« Peter Pan » de Robert Wilson, le Soleil noir de la Mélancolie

Chroniques, Spectacles

Retour enchanteur du Berliner Ensemble (em)mené par Robert Wilson, au Théâtre de la Ville, il y a une dizaine de jours. Portés par une formidable musique signée CocoRosie, le metteur en scène et la troupe mythique s’emparent de l’œuvre de James Matthew Barrie pour lui rendre sa profondeur – son aspect crépusculaire, pour ne pas dire mortifère. Une sombre fantaisie, pas seulement destinée aux enfants.
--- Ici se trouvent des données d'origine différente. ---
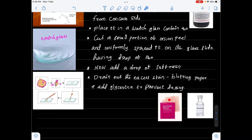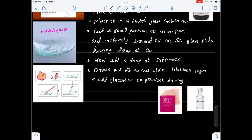And here is the blotting paper — it looks like tissue paper but its composition is different. It helps in the removal of excess stain. After adding glycerin to the material, we should cover it with a cover slip without formation of air bubbles.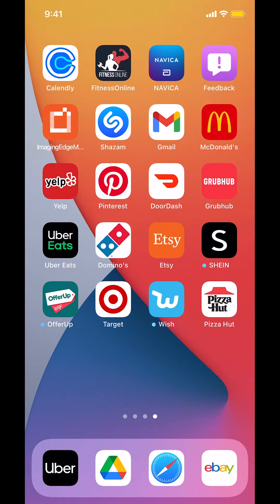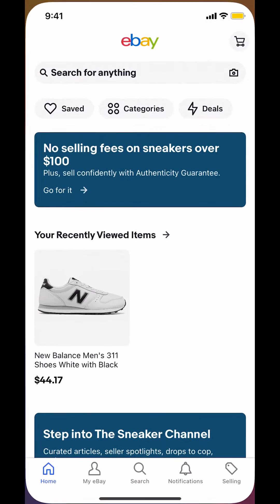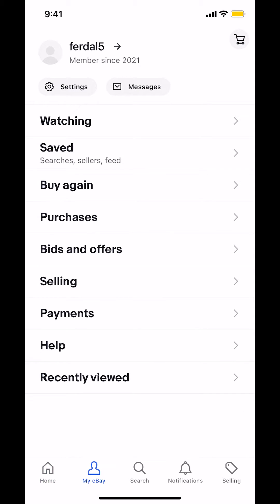I'll show you how to view your purchase history on the eBay app. Start by opening up your eBay app. Once you're on the main screen, look at the bottom — you'll see 'My eBay' there. It has a profile icon, close to your home icon on the right. Make sure you tap on 'My eBay.'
PETER PAN - Berliner Ensemble

Comme d’habitude dans l’univers très stylisé de Robert Wilson, ce qui saisit avant tout, c’est la beauté graphique des différents tableaux : vol en nuages, lagune aux sirènes, repaire des Enfants Perdus… Mais ici, plus que dans The Old Woman, par exemple, dont la précision ultra sophistiquée et codifiée pouvait éventuellement laisser de marbre (ce qui ne fut pas notre cas), les émotions affleurent plus facilement. Il faut dire que l’histoire, tout le monde ou presque en connaît les grandes lignes, plus facile de s’y retrouver donc : leurs parents sortis et la chienne Nana au jardin, les enfants Darling, Wendy et ses deux frères, se retrouvent seuls à la maison. Apparaît un jeune garçon à la recherche de son ombre : Peter Pan, ce garçon « joyeux, innocent et sans cœur » qui refuse de grandir, vit aux Pays Imaginaire avec la Fée Clochette et les Enfants Perdus et combat le Capitaine Crochet, dont il a coupé une main et qui est désormais poursuivi par un crocodile gourmand.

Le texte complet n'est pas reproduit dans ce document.